Persepsi Pemangku Kepentingan Terbaru (2025)
Studi reputasi RSPO yang dirilis pada Juni 2025 menunjukkan bahwa RSPO terus memiliki reputasi dan tingkat pengakuan global yang kuat. Laporan ini menyoroti bahwa RSPO dianggap kredibel dan efektif dalam meminimalkan dampak lingkungan negatif, seperti deforestasi. Namun, studi yang sama juga mencatat penurunan advokasi di kalangan pekebun kelapa sawit sejak 2024 dan kritik terhadap kompleksitas administratif system prisma. Meskipun reputasi global RSPO secara keseluruhan kuat, penurunan dukungan di tingkat akar rumput menunjukkan bahwa RSPO harus lebih fokus pada dukungan di lapangan dan mengatasi kritik tentang kompleksitas dan responsivitas prosesnya.
Kesimpulan
RSPO adalah standar keberlanjutan yang paling komprehensif dalam industri kelapa sawit. RSPO telah mendorong perubahan signifikan, meningkatkan produktivitas, dan memberikan manfaat sosial serta lingkungan yang nyata. Namun, RSPO juga menghadapi kritik yang valid terkait kelemahan strukturalnya, terutama dalam hal audit yang tidak memadai, proses penegakan yang lambat, dan keterbatasan dalam mekanisme keluhan. Kelemahan ini mengikis kredibilitas RSPO, meskipun organisasi ini terus berupaya untuk memperbaiki diri melalui revisi standar dan inovasi teknologi.
Keberadaan standar ganda, seperti RSPO dan ISPO/MSPO, menciptakan tantangan implementasi dan biaya tambahan bagi produsen. Meskipun demikian, data menunjukkan bahwa sinergi antara standar-standar ini dapat menghasilkan hasil terbaik dalam hal produktivitas dan keberlanjutan. Dalam konteks regulasi global yang baru, seperti EUDR, RSPO dapat memposisikan dirinya sebagai alat yang tak terhindarkan bagi perusahaan untuk mematuhi peraturan yang semakin ketat.
Berdasarkan analisis ini, laporan ini memberikan beberapa rekomendasi strategis:
- Untuk Pemerintah dan Regulator: Mendorong harmonisasi standar nasional (ISPO/MSPO) dengan RSPO untuk mengurangi duplikasi biaya dan meningkatkan efisiensi, sehingga mempercepat adopsi sertifikasi secara keseluruhan.

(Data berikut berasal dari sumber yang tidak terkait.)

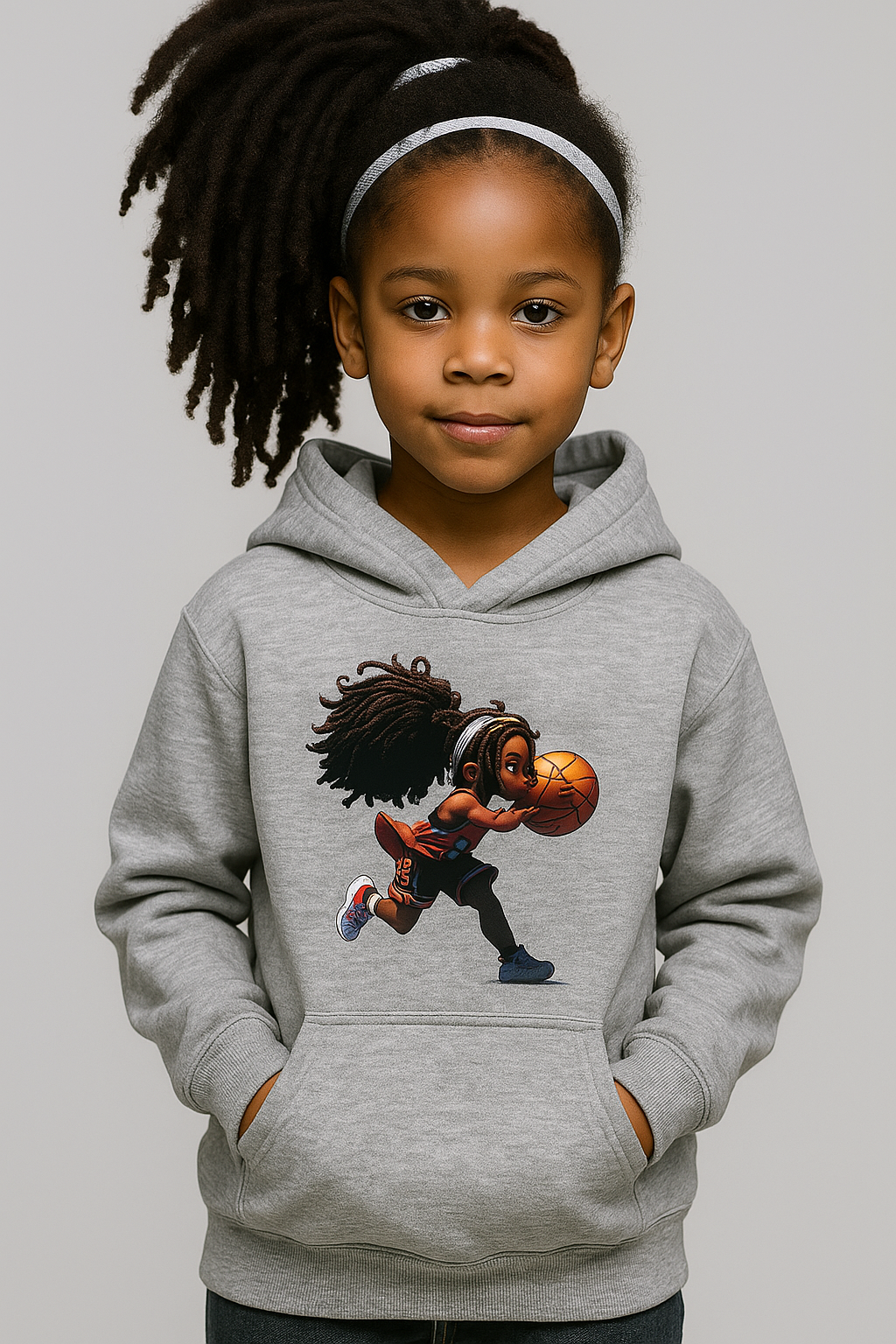 Grey Small Kid Girl Basketball Hoodie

- Untuk Perusahaan: Tidak hanya mengandalkan sertifikasi RSPO sebagai satu-satunya bukti keberlanjutan, tetapi juga melakukan uji tuntas internal yang kuat, terutama di tengah regulasi global yang baru. Perusahaan harus mengakui bahwa label RSPO adalah indikasi penting, tetapi bukan jaminan absolut tanpa adanya pengawasan dan tekanan dari berbagai pemangku kepentingan.
- Untuk Pekebun Kecil: RSPO dan mitranya harus menyederhanakan proses sertifikasi, meningkatkan dukungan finansial dan teknis, serta memastikan responsivitas yang lebih baik untuk membuat sertifikasi lebih mudah diakses dan berkelanjutan bagi pekebun kecil.
- Untuk Konsumen: Memahami bahwa label RSPO adalah indikasi penting dari komitmen keberlanjutan, tetapi efektivitasnya tetap bergantung pada pengawasan dan tekanan yang berkelanjutan dari pasar dan masyarakat sipil.